Here’s the short version of how the push up challenge works: You video yourself (or your group if you choose to go that route) saying who you are and why you are about to knock out 22 push ups and who you wish to nominate for the challenge. Then you upload your video to your social media platform with the hash tag #22Kill. The organizations goal is to reach 22 million push ups. To see how many have been done so far and to learn more about the challenge and the rules, click here.
The other component specific to #22Kill, is the wearable merchandise you can purchase to demonstrate support for military veterans and to raise money and awareness for the cause. This article from The Washington Post takes a look at some celebrities who wear the ring.

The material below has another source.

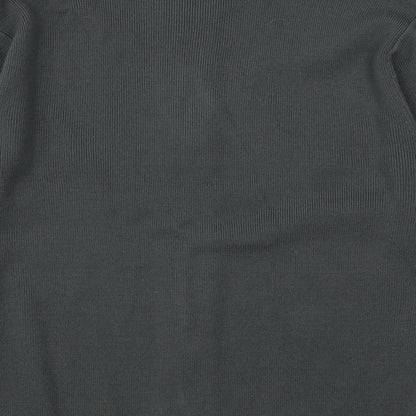 Simon Clark Mens Green High Neck Acrylic Full Zip Jumper Size M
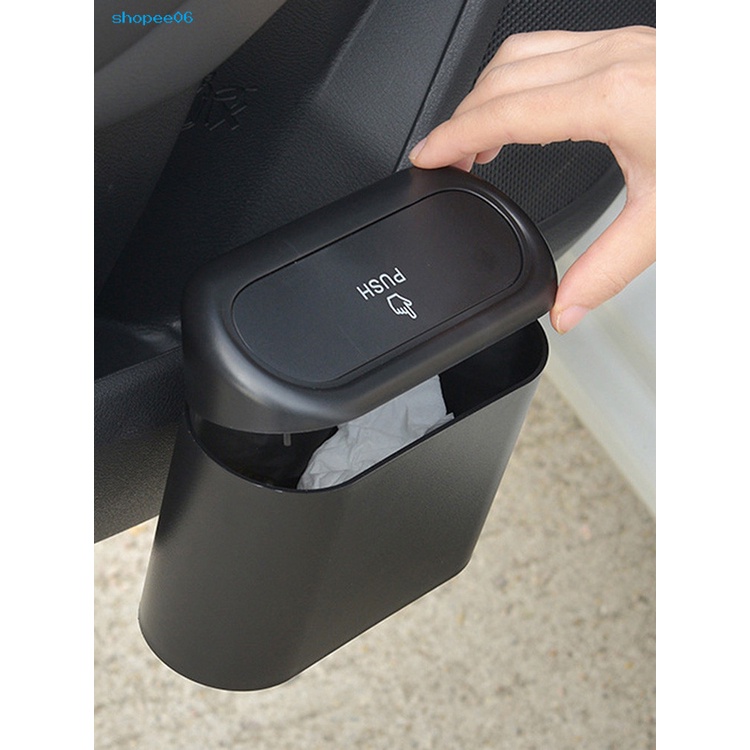 Thùng rác có kẹp lưng ghế xe hơi trọng lượng nhẹ tiện dụng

The following quote is from Allen B. West regarding his thoughts on #22 Kill: The mission of #22KILL is to advocate for and support veterans, in order to stop the terrible tragedy of veteran suicides. The figure of 22 veteran suicides per day is widely quoted. The number may even be higher. One in two veterans of the Iraq and Afghanistan wars say they know a fellow service member who attempted or committed suicide, according to a Washington Post-Kaiser Health poll. But there is one thing that cannot be debated: our veterans deserve our respect, our thanks and our assistance in building healthy and productive lives off the battlefield.
Each year an estimated 8,000 + veterans take their own lives. This statistic impacts us all. Chances are pretty hight that a student in your classroom knows a veteran that is no longer here because of suicide. These are fathers, mothers, aunts, uncles, cousins, sons, daughters and friends all gone before their time. Who knows what these 8000 individuals might have accomplished with their lives if they were given the proper treatment for their conditions and if the general public had a better understanding of the real costs of war and the sacrifices made in defense of our country.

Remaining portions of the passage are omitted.